A pioneer in the field of architectural lighting, Bill Lam ‘49 has changed the way streets, airports, schools, office buildings, indoor tennis courts, and concert halls are illuminated.

Early in his career, Lam introduced the then-radical notion that lighting should be considered from the beginning of the architectural design process, not at the end. Further, he broadened the notion of lighting sources to include more daylight, when possible, and combinations of ambient and task lighting for interior spaces. “The way to make a structure glow is to light the walls and the ceilings,” says Lam, who likes to light rooms from the floor up. His design principles, which created more natural and pleasant rooms and buildings, are now in widespread use.
Lam grew up in Honolulu and came to Cambridge in fall 1941. When Pearl Harbor was bombed on December 7, it took him several days to find out that his family was okay. Sophomore year, he enlisted in the U.S. Army Air Force; he flew 37 bombing missions in Southeast Asia before returning to school.
Lam returned to MIT to study architecture and was deeply influenced by Finnish modernist Alvar Aalto, who designed Baker House and taught on campus. A lamp, however, launched his career. After graduation, Lam designed his own gooseneck floor lamp with a clip-on diffuser shade, and soon friends began to ask where they could get one. He started a lamp factory (as Aalto himself had done) and soon began winning design awards. In 1959 he sold the company—now a division of Philips—and began consulting with architects and others on the integration of lighting with architecture and urban design. His lighting design work includes the Washington Metro system, the San Diego Convention Center, Denver’s airport, and Manila’s government center, as well as Shanghai hotels and educational buildings at Stanford University.
Lam, who taught at MIT, Harvard, and Yale, is especially proud of his successful crusade against the lighting and electrical-power industries’ promotion of ever-increasing indoor light levels in the 1950s and ’60s.
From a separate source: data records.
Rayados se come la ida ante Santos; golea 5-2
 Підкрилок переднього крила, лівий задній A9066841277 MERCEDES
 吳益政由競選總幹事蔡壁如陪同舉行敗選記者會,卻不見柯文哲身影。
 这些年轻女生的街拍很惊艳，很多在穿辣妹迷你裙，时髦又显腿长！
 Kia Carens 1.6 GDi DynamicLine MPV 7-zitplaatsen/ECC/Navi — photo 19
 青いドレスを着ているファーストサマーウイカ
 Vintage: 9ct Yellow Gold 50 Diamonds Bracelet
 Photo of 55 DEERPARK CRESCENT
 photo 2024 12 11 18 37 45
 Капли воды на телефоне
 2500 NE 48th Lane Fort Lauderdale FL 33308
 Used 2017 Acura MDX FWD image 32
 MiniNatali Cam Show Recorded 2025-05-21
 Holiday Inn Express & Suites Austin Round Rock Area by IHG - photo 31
He argued that they wasted energy and created poor lighting conditions. He spoke at industry events and worked with an international committee to publish new lighting guidelines in 1976 that were based on good design, not increased energy sales. Today’s architects work with a lighting-energy budget, which limits energy use and encourages design innovation.
Since retiring from Lam Partners in 1995, Lam has been consulting part time from his antique house near Harvard Square. He has authored seminal books such as Perception and Lighting as Formgivers for Architecture and received honors from the American Institute of Architects, the Professional Lighting Designers’ Association, and the Architectural Lighting Hall of Fame.
Lam and his wife, Dianne, have two sons and one granddaughter. Firm believers in making life changes, the couple recently sold their Florida vacation home. “Now we go to more operas in more cities,” he says.